======== Source material ========

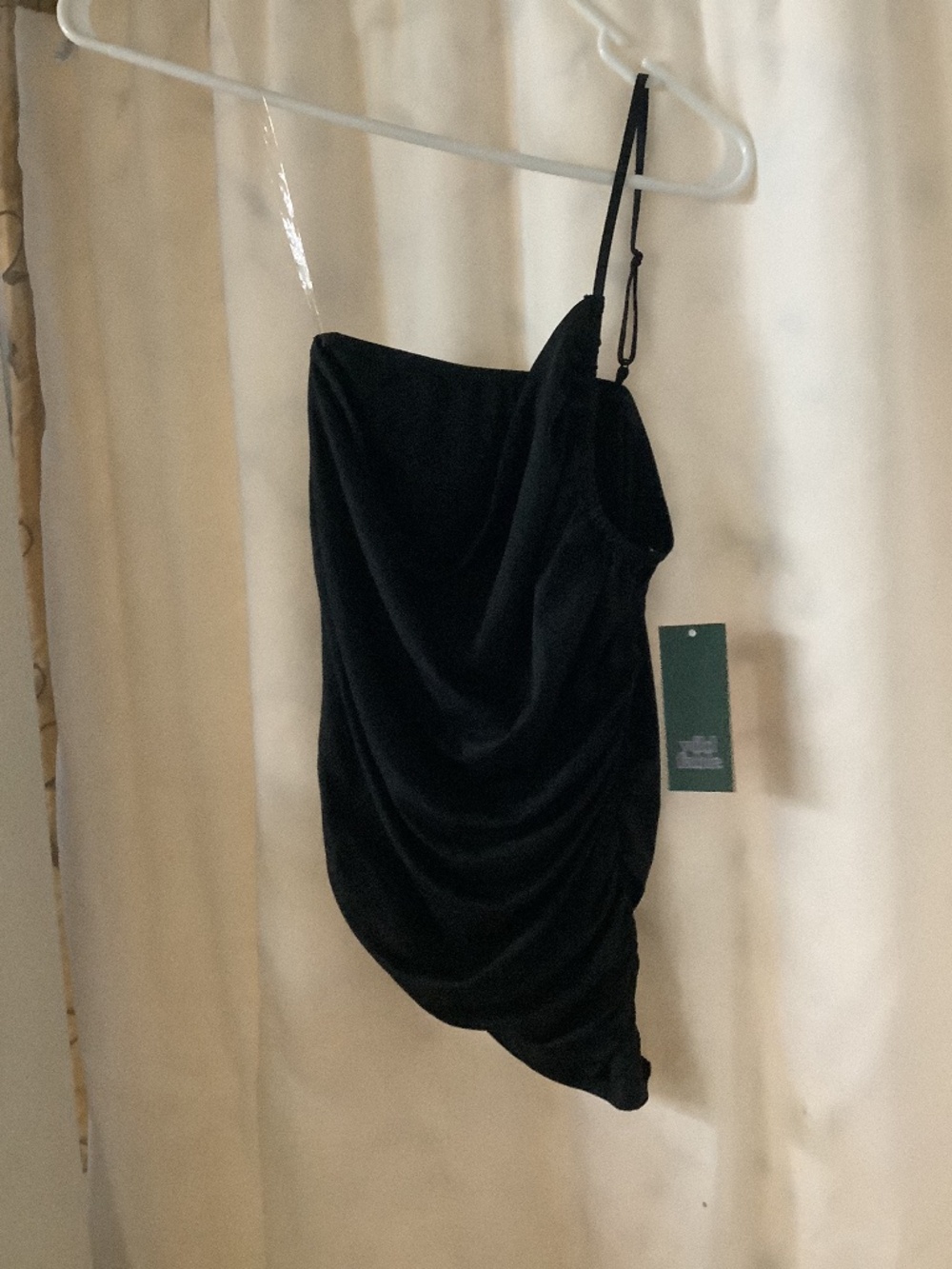 Wild Fable One Shoulder Top Size Small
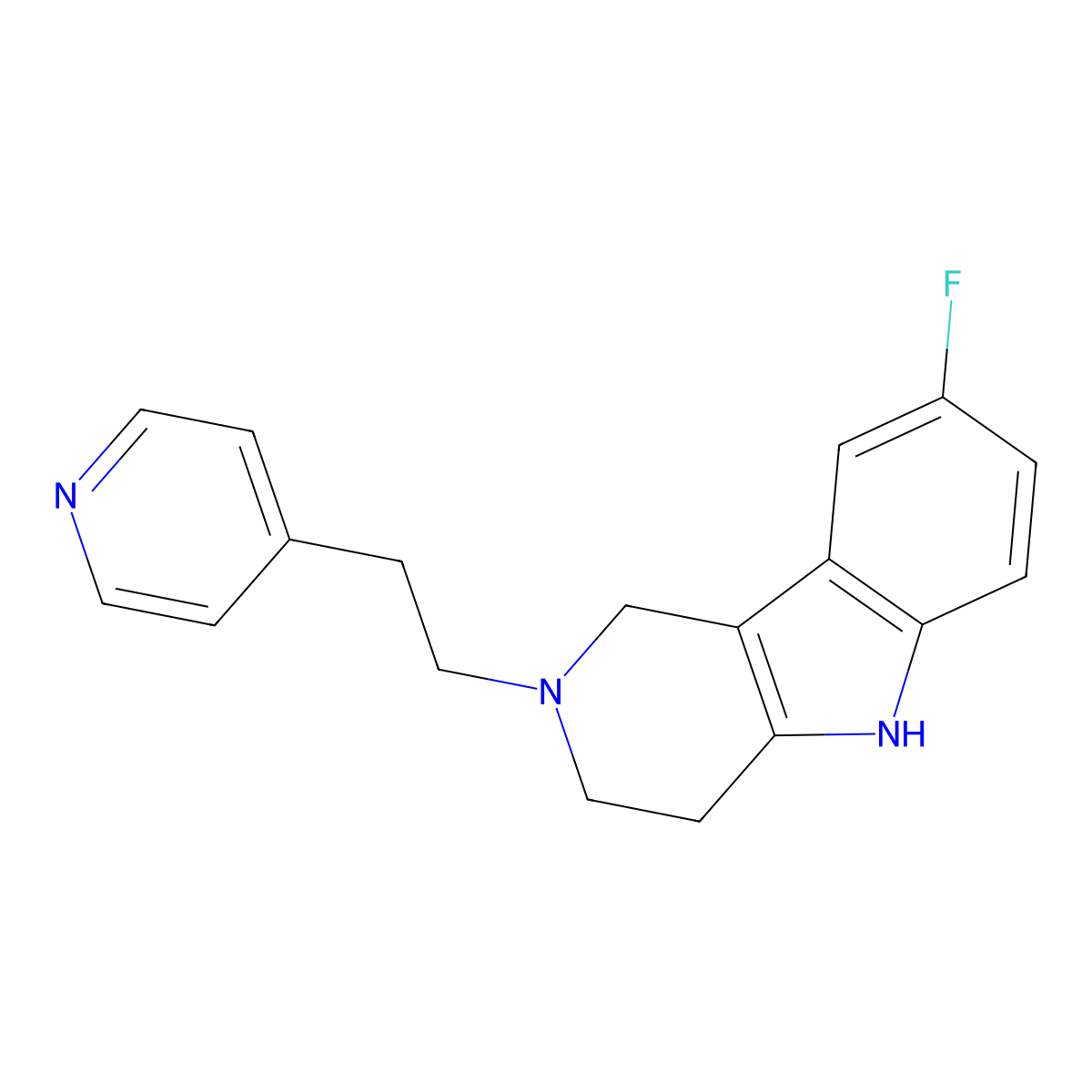 Carvotroline molecular structure, CAS 107266-08-0
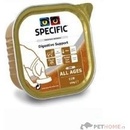 Paštéty pre psov Specific CIW Adult Digestive Support 6 x 300 g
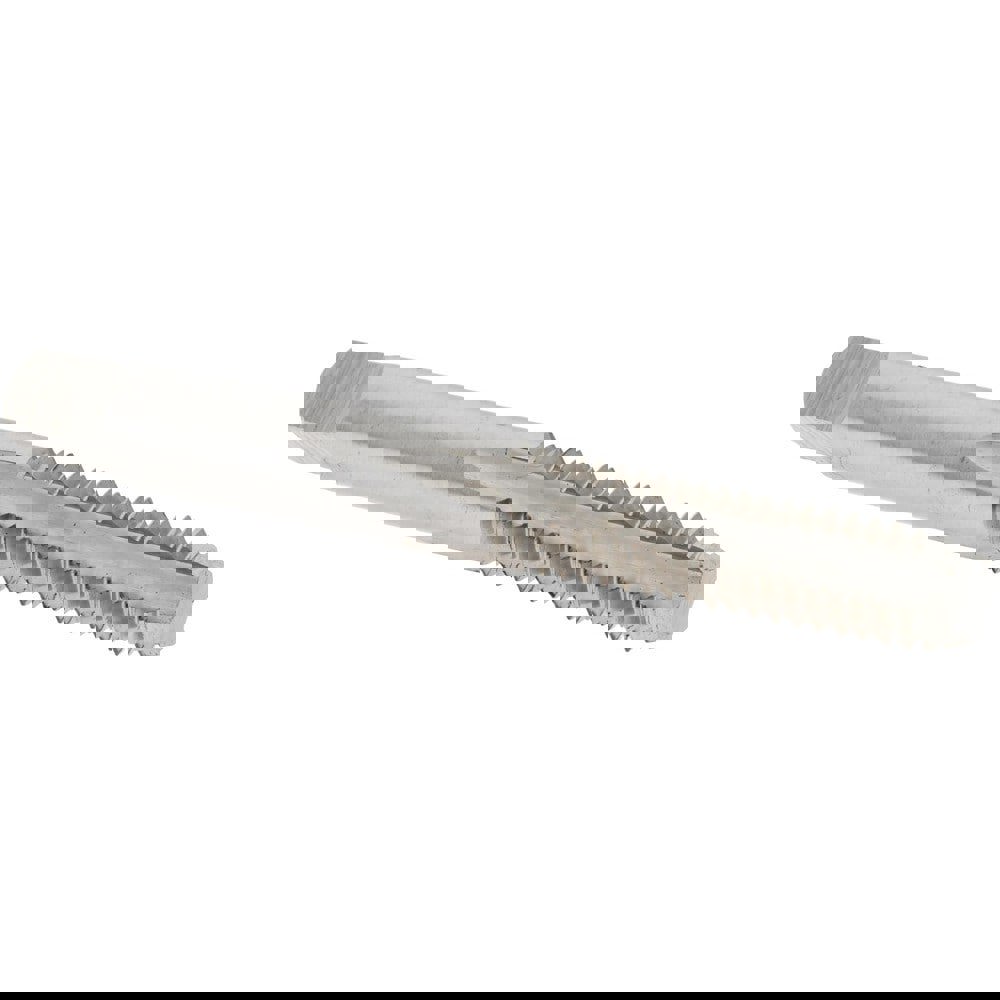 Straight Flute Tap: 5/16-18 UNC, 4 Flutes, Bottoming, High Speed Steel, Bright/Uncoated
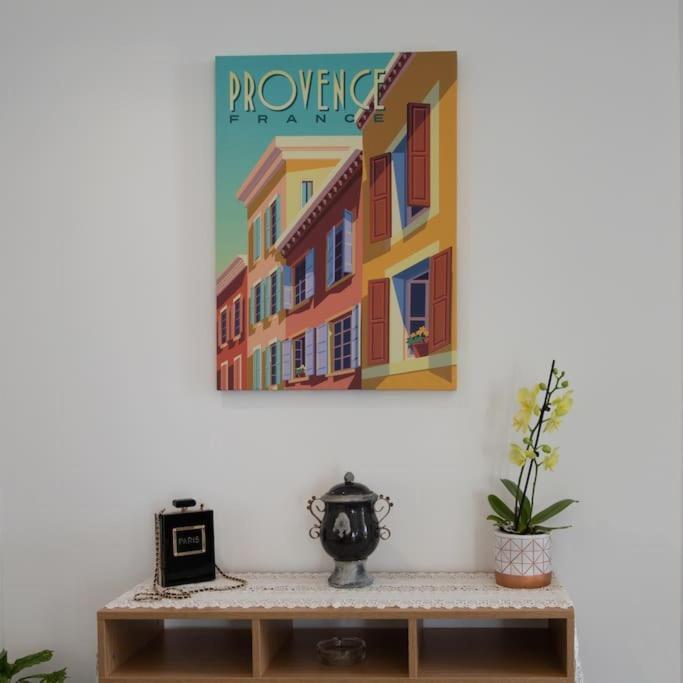 Appartamento Echapee Belle - Vinayard View - Jacuzzi Bbq - Parking Nizza Esterno foto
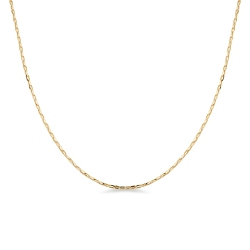 Gelbgold 18K Kette, 50 cm 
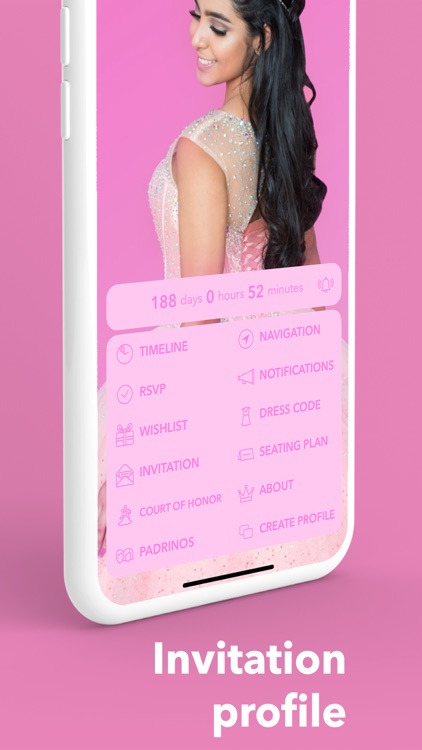 Quinceanera Invitation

========

What the task requires: Retype only the lines from the one with "Paštéty pre psov" through the final line of the entries, please, and keep the pictures out.

Output for this exercise:
 Paštéty pre psov Specific CIW Adult Digestive Support 6 x 300 g
 Straight Flute Tap: 5/16-18 UNC, 4 Flutes, Bottoming, High Speed Steel, Bright/Uncoated
 Appartamento Echapee Belle - Vinayard View - Jacuzzi Bbq - Parking Nizza Esterno foto
 Gelbgold 18K Kette, 50 cm 
 Quinceanera Invitation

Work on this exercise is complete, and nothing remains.